To this end, select a subset of edges \(X_i^- \subseteq \delta ^-(U_i^\mathrm {sp})\) with \(x^\star _{\mathrm {sp}}(X_i^-)= 1/2\) such that either all edges in \(X_i^-\) are debt edges, or all are free edges.

We define the set of outgoing edges \(X_i^+ \subseteq \delta ^+(U_i^\mathrm {sp})\) to be, intuitively, the edges over which the flow that entered \(U_i^\mathrm {sp}\) by \(X_i^-\) exits \(U_i^\mathrm {sp}\). That is, consider an arbitrary cycle decomposition of the circulation \(x^\star _{\mathrm {sp}}\), and look at the set of cycles containing the edges in \(X_i^-\). We define \(X_i^+\) as the set of edges on these cycles that first leave \(U_i^\mathrm {sp}\) after entering \(U_i^\mathrm {sp}\) on an edge in \(X_i^-\); clearly, \(x^\star _{\mathrm {sp}}(X_i^+)=1/2\).

Let \(g_i\) denote the flow on these cycles connecting the heads of edges in \(X_i^-\) and the tails of edges in \(X_i^+\). We will use the following claim later in the construction.

Fact 2.9

Assume all edges in \(X_i^-\) are debt edges but \(e \in X_i^+\) is a free edge or an expensive edge. Then there exists a path in \(G_{\mathrm {sp}}[U_i]\) between a vertex \(t^0\) (for some terminal \(t \in T\)) and the tail of e, made up of only cheap edges.

We now transform \(G_{\mathrm {sp}}\) into a new graph \(G_{\mathrm {sp}}'\) and \(x^\star _{\mathrm {sp}}\) into new circulation \(x'_{\mathrm {sp}}\) as follows. For every set \(V_i\) in the partition we introduce a new auxiliary vertex \(A_i\) and redirect all edges in \(X_i^-\) to point to \(A_i\) and those in \(X_i^+\) to point from \(A_i\). We further subtract the flow \(g_i\) inside \(U_i^\mathrm {sp}\); hence the resulting vector \(x'_{\mathrm {sp}}\) will be a circulation, with \(x'_{\mathrm {sp}}(\delta ^-(A_i))=1/2\).

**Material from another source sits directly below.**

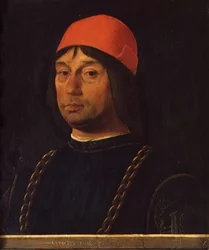 Portrait de Giovanni Bentivoglio, c.1492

If \(X_i^-\) is a set of free edges, then we will say that \(A_i\) is a free vertex, otherwise we say that it is a debt vertex.

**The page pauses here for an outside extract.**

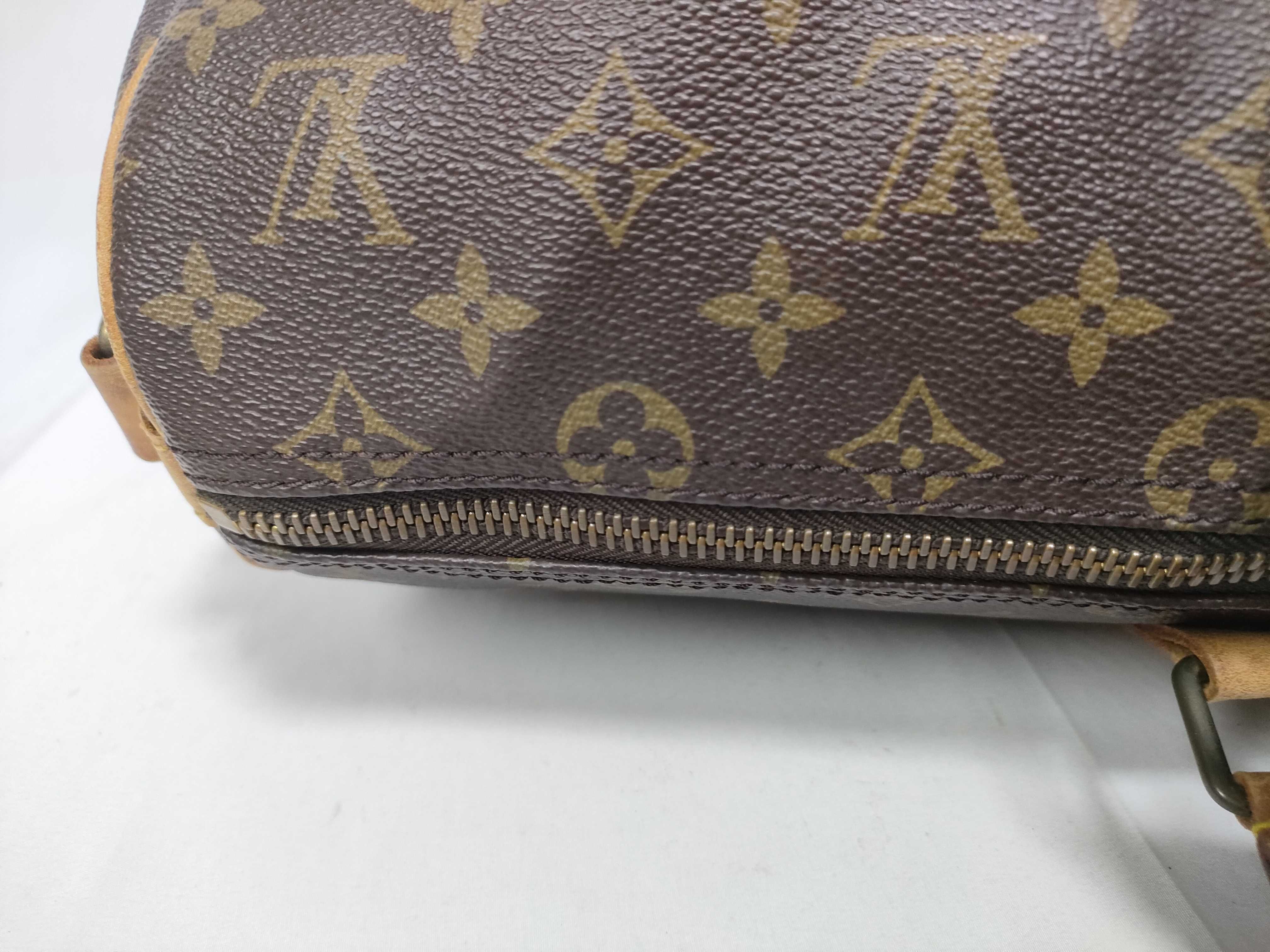 Monogram Keepall Bandoulière 45 M41418 Boston Bag with Handle, Name Tag, and Shoulder Strap — view 10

Transforming \(x'_{\mathrm {sp}}\) into an integral flow and obtaining our solution F. In the next step we round \(x'_{\mathrm {sp}}\) to integrality while respecting degrees of vertices:

Lemma 2.10

There exists an integral circulation \(y_{\mathrm {sp}}'\) on \(G_{\mathrm {sp}}'\) satisfying the following conditions: (a) \(y_{\mathrm {sp}}'(\delta ^-(v)) \le \lceil 2x^\star _{\mathrm {sp}}(\delta ^-(v)) \rceil \) for each \(v \in V(G_{\mathrm {sp}})\), (b) \(y_{\mathrm {sp}}'(\delta ^-(A_i)) = 1\) for each i. Such a circulation \(y_{\mathrm {sp}}'\) can be found in polynomial time.

We will now transform \(y_{\mathrm {sp}}'\) into an Eulerian set of edges F in the original graph G. We can think of this as a three-stage process.

First, we map all edges adjacent to the auxiliary vertices \(A_i\) back to their preimages in \(G_{\mathrm {sp}}\), obtaining from \(y_{\mathrm {sp}}'\) an integral pseudo-flow \(y_{\mathrm {sp}}\) in \(G_{\mathrm {sp}}\). (We use the term pseudo-flow as now, some vertices may not satisfy flow conservation.)

Second, we contract the two copies \(v^0\) and \(v^1\) of every vertex \(v\in V\), thus mapping all edges back to their preimages in G. (We remove all edges \((t^1,t^0)\) for \(t \in T\).) This creates an integral pseudo-flow y in G.

Since the in- and out-degree of \(A_i\) were exactly 1 in \(y_{\mathrm {sp}}'\), now (in y) in each component \(U_i\) there is a pair of vertices \(u_i\), \(v_i\) which are the head and tail, respectively, of the mapped-back edges adjacent to \(A_i\). These are the only vertices where flow conservation in y can be violated. As the third step, to repair this, we route a walk \(P_i\) from \(u_i\) to \(v_i\). Our Eulerian set of edges \(F \subseteq E\) which we finally return is the integral pseudo-flow y plus the union (over i) of all such walks \(P_i\), i.e., \(\mathbbm {1}_{F} = y + \sum _i \mathbbm {1}_{P_i}\).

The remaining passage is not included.